The world is moving closer to the final abolition of the death penalty, the latest figures published to coincide with World Day against the Death Penalty on Thursday showed.
At present, five countries are responsible for almost all the state executions carried out in the past year.
So far, 137 countries have abolished the death penalty in law or practice, while 60 retain its use, usually for people convicted of murder. At least 1,252 people were known to have been executed in 24 countries last year. Of all the executions, 88 percent took place in China, Iran, Saudi Arabia, Pakistan and the US.
PHOTO: AFP
By the end of last year, 91 countries had abolished the death penalty for all crimes, with Albania, the Cook Islands and Rwanda all recently abandoning capital punishment, said Reprieve, which represents death-row prisoners around the world.

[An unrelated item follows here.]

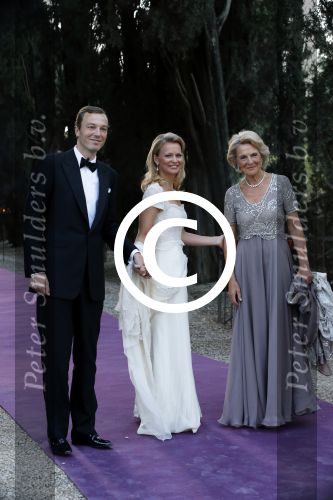 Florence 16 juni 2012
Trouwen Prinses Carolina de Borbon Parma en Albert Brenninkmeijer in de basilica di san Miniato al Monte. Het feest is s avonds in een prive huis. Carolina met haar moeder prinses irene
Peter Smulders bv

“The reality is that, despite the progress that has been made over the last 18 months, there are still thousands of people being executed every year around the world,” said Clive Stafford Smith, director of Reprieve.
In Europe, only Belarus retains capital punishment. Abandonment of the death penalty is a prerequisite for joining the EU. The US is the only country in the Americas to have carried out any executions since 2003, but the 53 executions in 2006 represented the lowest annual total for a decade, and death sentences continue to drop from a peak in the mid-1990s.

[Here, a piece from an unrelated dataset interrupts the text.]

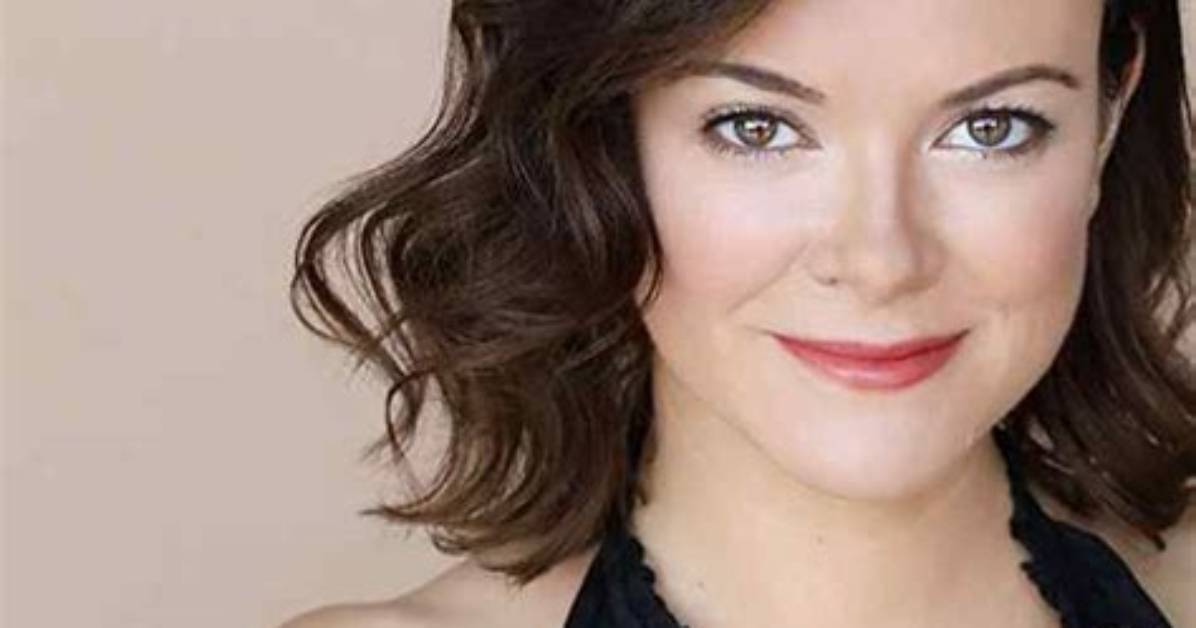 Mary Kate Schellhardt Net Worth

China makes by far the most use of the penalty.
“Asia leads the way globally as the continent that carries out the most executions,” said Amnesty International’s UK director, Kate Allen. “The number of executions carried out by China last year makes them the world’s No 1 ‘executioner.’ This year we have seen a noticeable increase in the use of the death penalty in Japan. Executions in that country are typically shrouded in secrecy. In Pakistan, there are approximately 7,500 people, including children, on death row.”
In some areas with a long tradition of executions, such as central Asia, there is a clear move toward abolition.

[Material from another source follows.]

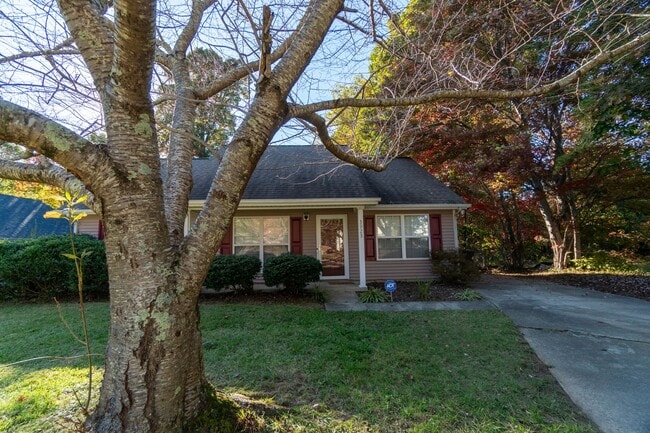 Photo - Beautiful 3 Bed 2 Bath home located in Greensboro!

In Africa, only six countries carried out executions in 2006. In seven states the death penalty is applied for consensual sexual acts between adults of the same sex, while Iran retains the death penalty for a large number of offenses, among them “cursing the Prophet,” adultery and drinking alcohol. Last year, Iran executed 317 people, including eight juveniles.
India, South Korea and Taiwan should join the global trend and immediately establish a moratorium on the death penalty, rights group Amnesty International said yesterday.
Amnesty said these three nations had stopped executing criminals in recent years and should make that move official, setting an example for the rest of Asia.
Amnesty has also called for more transparency in those countries where the death penalty is entrenched, as well as improvements in legal aid and the appeals process, and a review of the crimes that warrant such a punishment.
“There is a window of hope and a chance for change in Asia,” said Irene Khan, secretary general of Amnesty International. “Today we are urging India, South Korea and Taiwan to join the global trend towards ending executions and set and example for the rest of the continent to follow.”